Hasyim Asyhari terus dengan pesantrennya. Bukan berarti kolot, tapi menjaga tradisi. Belakangan, pesantren berkembang dengan memperluas kurikulum pelajaran mereka yang tak hanya pada pelajaran agama Islam semata. NU bahkan akhirnya punya sekolah juga, seperti yang pernah dibuat Muhammadiyah. Baik NU dan Muhammadiyah termasuk kelompok Islam yang toleran pada budaya abangan yang sudah berabad-abad hidup di Indonesia. Dua kelompok ini membuktikan Islam sebagai agama yang dibawa dengan damai, seperti yang dilakukan Wali Songo dan lainnya.

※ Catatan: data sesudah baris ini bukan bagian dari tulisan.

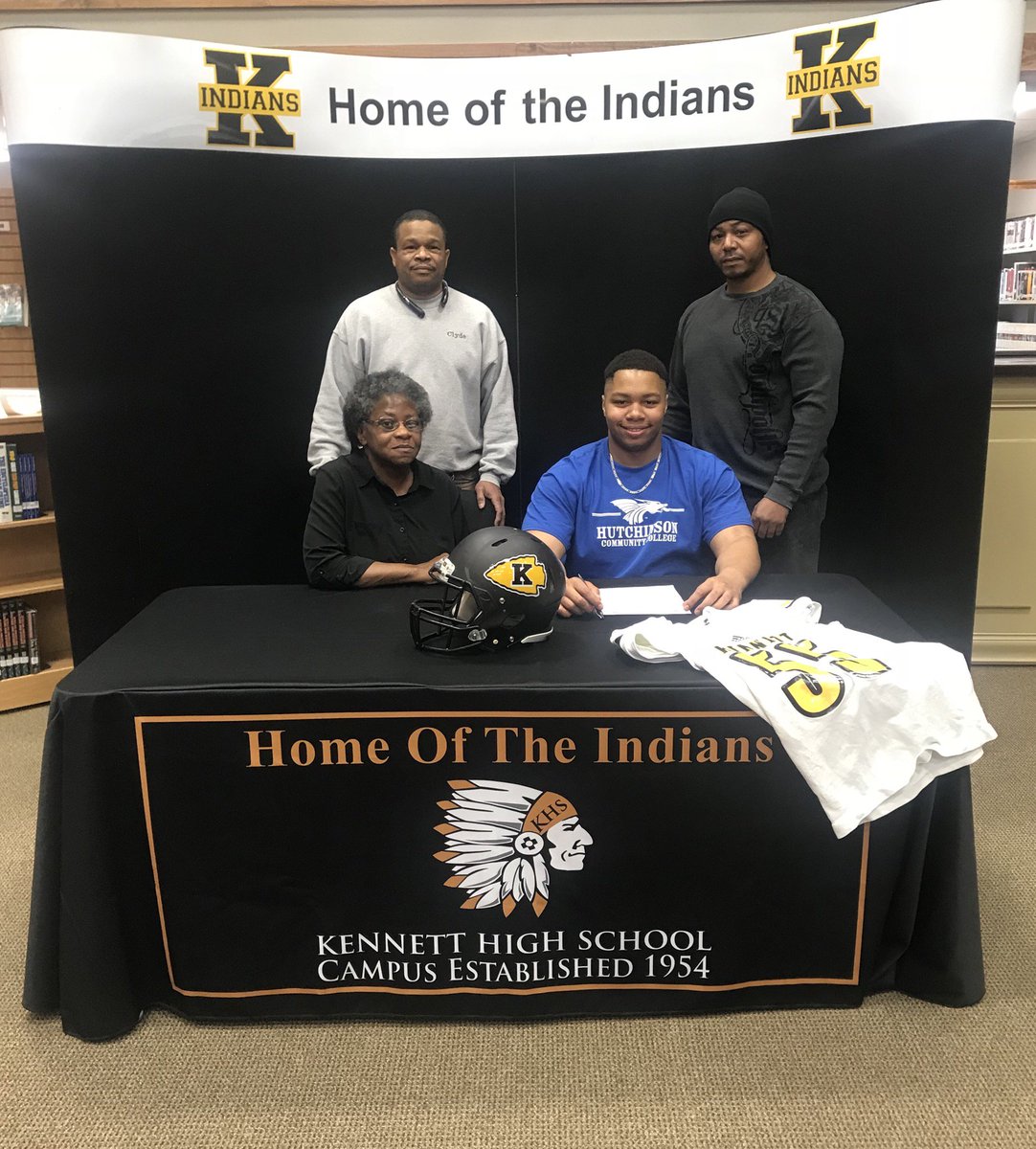 IndianAdvisor17's tweet photo. Congratulations are in order for #55!! He signed to play football at Hutchinson Community College today! We are so proud! #HCC #BlueDragons #KHSgoestocollege https://t.co/GAlq6UOWJK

Hasyim Asyhari seperti juga cucunya yang pernah jadi Presiden RI, lebih menekankan toleransi pada yang berbeda. Cucunya adalah presiden yang membiarkan orang-orang Tionghoa merayakan hari besar mereka setelah dilarang Orde Baru. Ada beberapa tokoh Islam Indonesia yang berusaha bersikap toleran seperti cucu Hasyim, sebut saja Buya Syafi'i Ma'arif juga Kiai Ahmad Mustofa Bisri (Gus Mus). Mereka sering mengajak orang-orang Islam untuk toleran. Barangkali itulah bentuk semangat Islam Nusantara keluarga Hasyim Asyhari. Hidup damai di tengah perbedaan itu bukan mustahil, di samping juga sangat indah.